Dans cet épisode, Christian Regouby accueille Joël Thiebault, un maraîcher en « retrait de la retraite » au parcours ancré dans l’histoire de la production agricole francilienne.

Descendant de plusieurs générations d’agriculteurs, Joël cultive sa passion pour la biodiversité, avec 300 variétés de fruits et légumes sur 20 hectares dans les Yvelines.


Acteur engagé du Collège Culinaire de France, il nous dévoile sa vision de l’étroite relation de coopération entre producteurs et professionnels de la gastronomie.

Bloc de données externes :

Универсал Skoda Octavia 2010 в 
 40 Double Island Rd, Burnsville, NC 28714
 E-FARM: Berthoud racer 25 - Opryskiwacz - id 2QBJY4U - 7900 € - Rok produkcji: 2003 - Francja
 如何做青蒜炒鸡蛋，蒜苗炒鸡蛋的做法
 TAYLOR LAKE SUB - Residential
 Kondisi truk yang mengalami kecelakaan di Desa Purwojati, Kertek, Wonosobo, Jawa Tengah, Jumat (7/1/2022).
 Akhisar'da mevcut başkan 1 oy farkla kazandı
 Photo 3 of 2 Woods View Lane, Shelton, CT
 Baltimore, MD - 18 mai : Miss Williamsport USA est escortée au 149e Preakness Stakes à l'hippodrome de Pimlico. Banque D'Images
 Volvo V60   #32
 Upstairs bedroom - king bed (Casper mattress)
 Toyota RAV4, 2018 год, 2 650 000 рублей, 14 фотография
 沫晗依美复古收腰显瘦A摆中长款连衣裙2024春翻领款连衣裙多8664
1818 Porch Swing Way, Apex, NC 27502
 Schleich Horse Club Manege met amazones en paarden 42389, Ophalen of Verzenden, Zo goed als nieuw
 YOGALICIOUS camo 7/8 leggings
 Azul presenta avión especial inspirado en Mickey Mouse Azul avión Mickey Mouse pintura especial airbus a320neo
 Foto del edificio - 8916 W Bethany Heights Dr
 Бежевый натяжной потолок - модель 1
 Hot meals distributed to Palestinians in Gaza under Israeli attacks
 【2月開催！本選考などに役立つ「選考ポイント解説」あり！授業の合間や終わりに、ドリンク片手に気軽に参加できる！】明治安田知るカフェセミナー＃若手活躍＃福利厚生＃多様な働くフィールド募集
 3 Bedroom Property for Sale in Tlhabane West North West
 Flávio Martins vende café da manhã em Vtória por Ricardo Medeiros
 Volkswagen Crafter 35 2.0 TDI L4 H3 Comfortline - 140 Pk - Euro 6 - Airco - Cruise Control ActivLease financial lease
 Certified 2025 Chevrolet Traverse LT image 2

Défenseur et promoteur des traditions et variétés locales rares, il nous fait découvrir comment il fait vivre la transmission artisanale, entre innovation et héritage.



Le Collège Culinaire de France est une association fondée en 2011 à l'initiative de quinze grands chefs restaurateurs à l'instar d'Alain Ducasse, Joël Robuchon, Yannick Alléno, Paul Bocuse, Alain Dutournier, Gilles Goujon, Michel Guérard, Marc Haeberlin, Régis Marcon, Thierry Marx, Gérald Passedat, Laurent Petit, Anne-Sophie Pic, Guy Savoy et Pierre Troisgros. Le Collège Culinaire de France est la seule association, à ce jour, initiée par le plus grand rassemblement de chefs français reconnus et incontestés, qui s’emploie, concrètement, sur le terrain, à relier des Producteurs et Artisans de Qualité avec des Restaurants de Qualité de toutes catégories. Elle rassemble ceux qui œuvrent pour une vision d’avenir du métier, et fédère tous ceux qui s’engagent sur des synergies de valeurs et de pratiques partagées.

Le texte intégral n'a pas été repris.